Class SampleRandomRows

All Implemented Interfaces:
LogicalOperator, PipelineOperator<RecordPort>, RecordPipelineOperator

public class SampleRandomRows extends AbstractRecordCompositeOperator
Apply random sampling to the input data. The schema of the output data matches that of the input. The output data usually contains fewer rows than the input. The number of rows output varies depending on the value of the percent or the sampleSize property.

The sampling can be executed in one of two modes:

  • BY_PERCENT: the specified percentage of rows will be output
  • BY_SIZE: the rows output depend on the given sample size and the total number of rows of the input data

For example, using BY_PERCENT mode with 10000 input rows and percent set to 0.25, you can expect approximately 2500 rows of output. This value is not exact. It will vary with different settings of the seed property.

In contrast, using BY_SIZE mode with any input data size and sampleSize set to 2500, you can expect approximately 2500 rows of output. This value is not exact. It will vary with different settings of the seed property. Use BY_SIZE when you want to have a specific number of rows output. The sampleSize property sets an upper limit on the number of rows that will be output.

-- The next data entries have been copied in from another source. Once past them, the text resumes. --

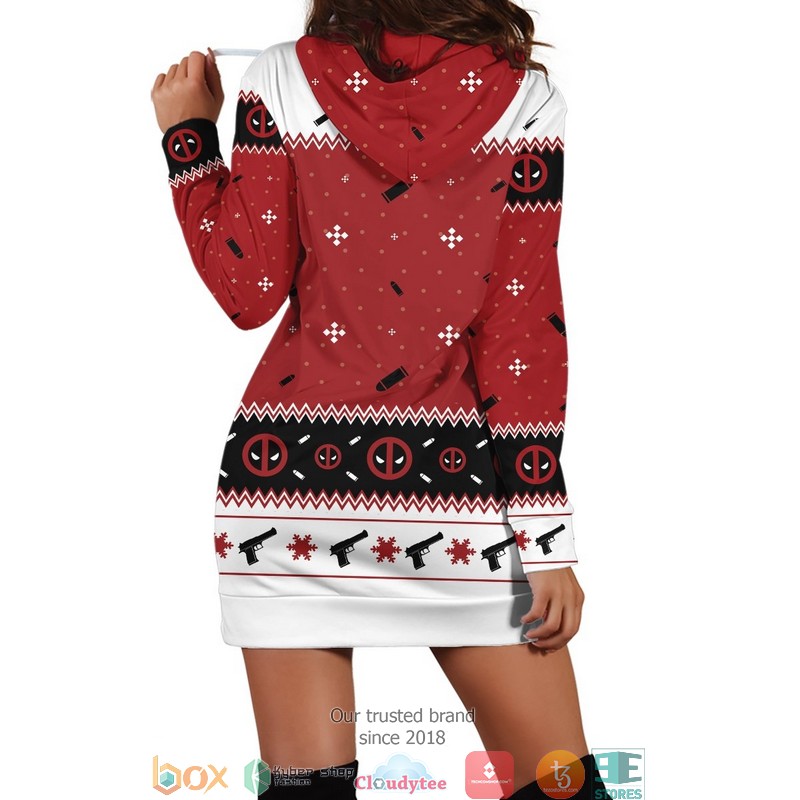 Maximum Effort Hoodie Dress Maximum Effort Hoodie Dress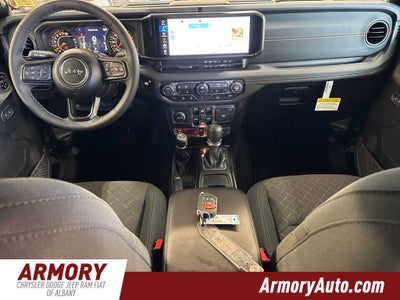 2026 Jeep Gladiator Mojave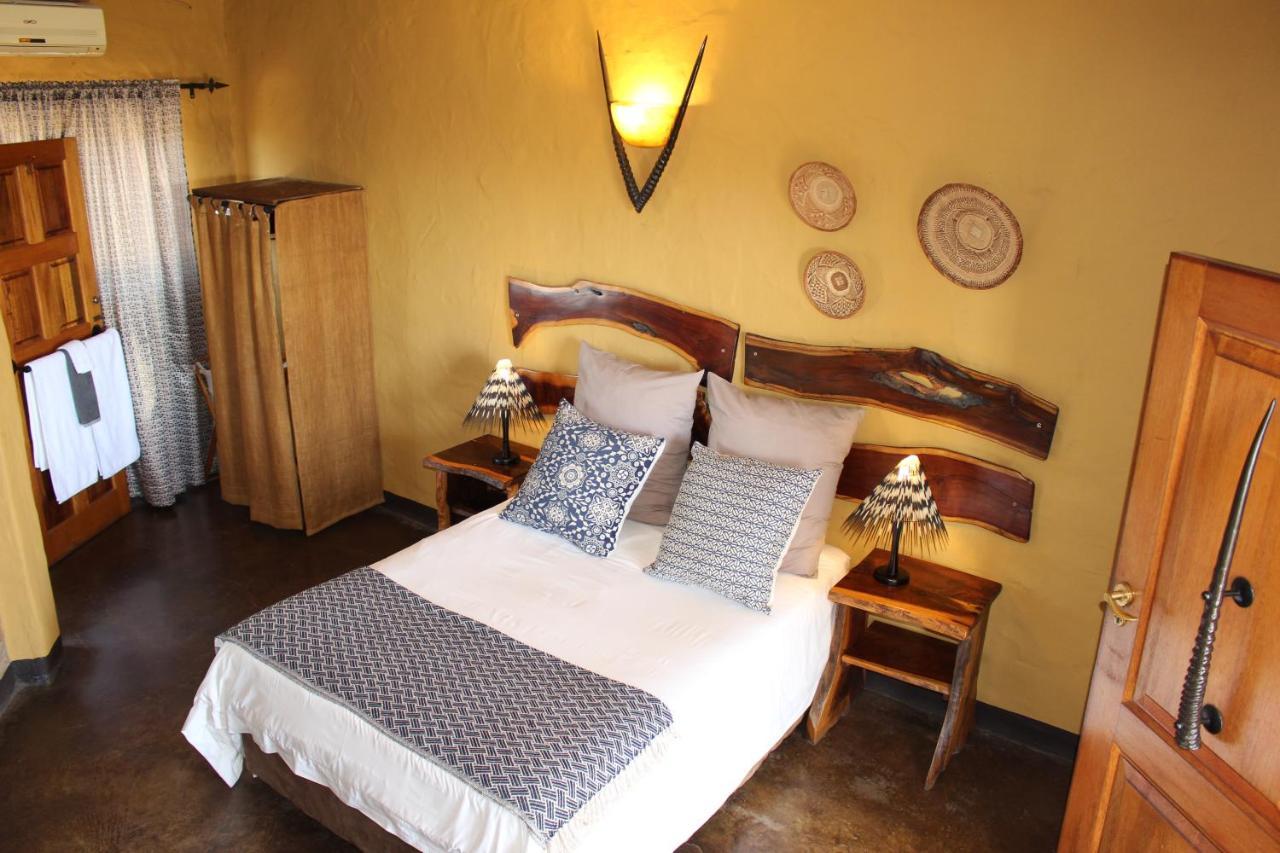 Ndlovu Lodge Pretoria-Noord Exteriér fotografie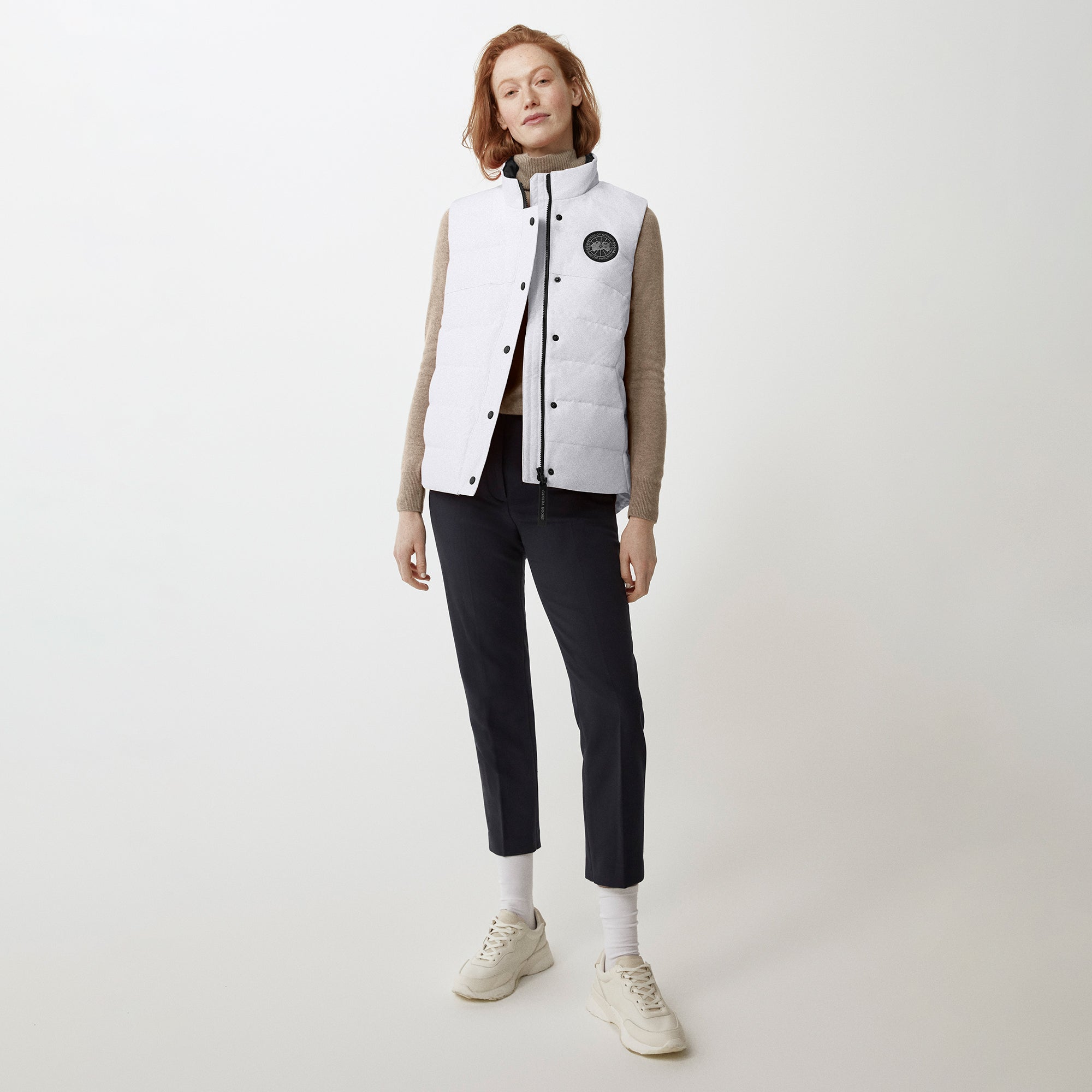 Canada goose Knitwear оригінал | Швидка доставка Україна – вид ззаду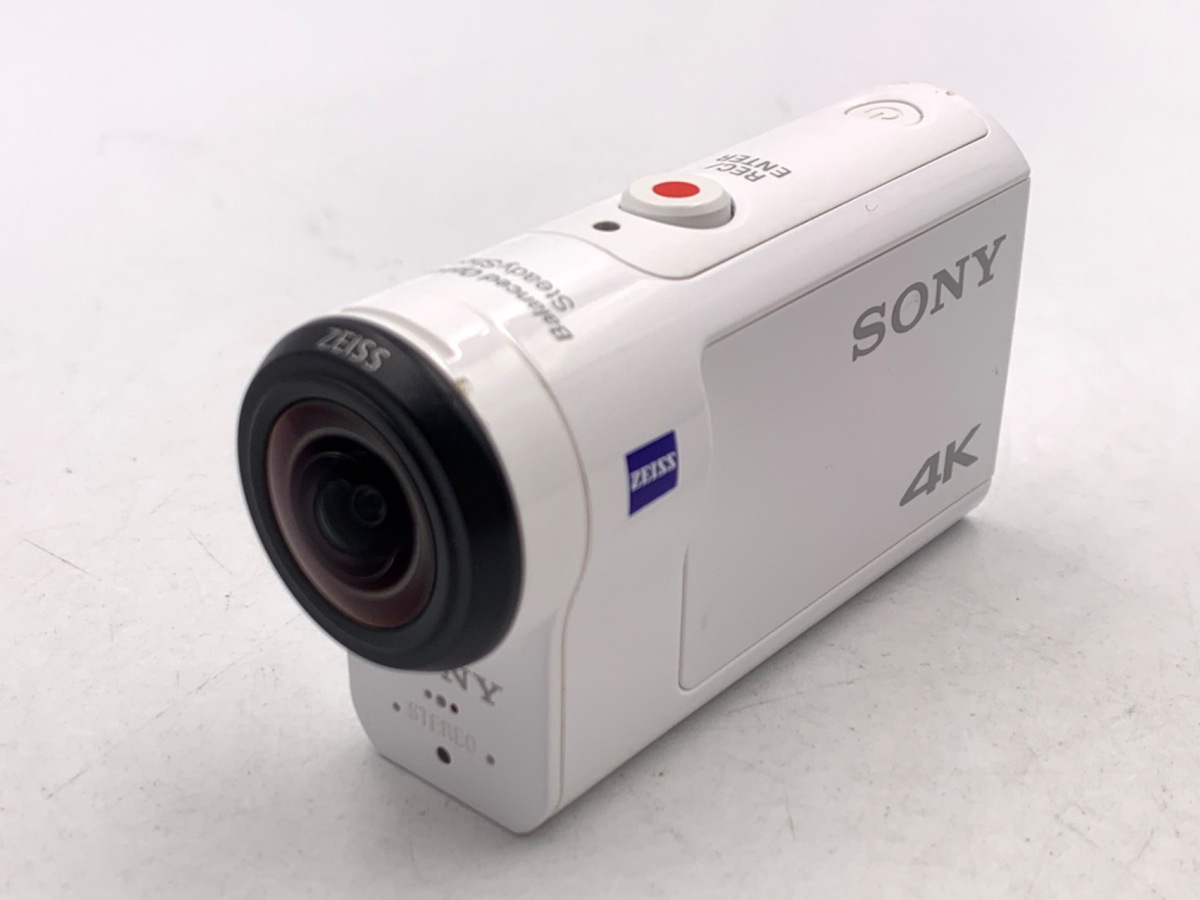 中古：AB(良品)】ソニー デジタル4Kビデオカメラレコーダー FDR-X3000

The seed property is set to the current time (System.currentTimeMillis() by default. Override this value to specify the random seed to use.

  • Constructor Details

    • SampleRandomRows

      public SampleRandomRows()
      Performs default random sampling on the data. By default, sampling will select a fixed percentage of the input.
    • SampleRandomRows

      public SampleRandomRows(double percent, long seed)
      Perform random sampling selecting a fixed percentage of the input.
      Parameters:
      percent - percentage of the input data wanted
      seed - seed value for the random number generator
    • SampleRandomRows

      public SampleRandomRows(long sampleSize, long seed)
      Perform random sampling selecting a fixed number of records from the input data.
      Parameters:
      sampleSize - the wanted output sample size (in rows)
      seed - seed value for the random number generator
  • Method Details

    • getInput

      public RecordPort getInput()
      Description copied from interface: PipelineOperator
      Returns the input port
      Specified by:
      getInput in interface PipelineOperator<RecordPort>
      Overrides:
      getInput in class AbstractRecordCompositeOperator
      Returns:
      the input port
    • getOutput

      public RecordPort getOutput()
      Description copied from interface: PipelineOperator
      Returns the output port
      Specified by:
      getOutput in interface PipelineOperator<RecordPort>
      Overrides:
      getOutput in class AbstractRecordCompositeOperator
      Returns:
      the output port
    • getSeed

      public Long getSeed()
      Get the random number generator seed value.
      Returns:
      random number generator seed value
    • setSeed

      public void setSeed(Long seed)
      Set the random number generator seed value.
      Parameters:
      seed - random number generator seed value
    • getPercent

      public double getPercent()
      Get the percentage of input data to output.
      Returns:
      percentage of input data
    • setPercent

      public void setPercent(double percent)
      Set the percentage of input data wanted. This value must be in the range: 0 < seed < 1.0. This value is only used of the sample mode is BY_PERCENT.
      Parameters:
      percent - percentage of input data
    • getSampleSize

      public long getSampleSize()
      Get the sample size (in rows) of data wanted.
      Returns:
      sample size
    • setSampleSize

      public void setSampleSize(long sampleSize)
      Set the wanted sample size in rows. Set this value when using the BY_SIZE sample mode. The operator will output approximately the sample size number of rows.
      Parameters:
      sampleSize - wanted sample size
    • getMode

      public SampleMode getMode()
      Get the sample mode.
      Returns:
      sample mode
    • setMode

      public void setMode(SampleMode mode)
      Set the sample mode.
      Parameters:
      mode - sample mode
    • compose

      protected void compose(CompositionContext ctx)
      Description copied from class: CompositeOperator
      Compose the body of this operator. Implementations should do the following:
      1. Perform any validation of configuration, input types, etc
      2. Instantiate and configure sub-operators, adding them to the provided context via the method OperatorComposable.add(O)
      3. Create necessary connections via the method OperatorComposable.connect(P, P). This includes connections from the composite's input ports to sub-operators, connections between sub-operators, and connections from sub-operators output ports to the composite's output ports
      Specified by:
      compose in class CompositeOperator
      Parameters:
      ctx - the context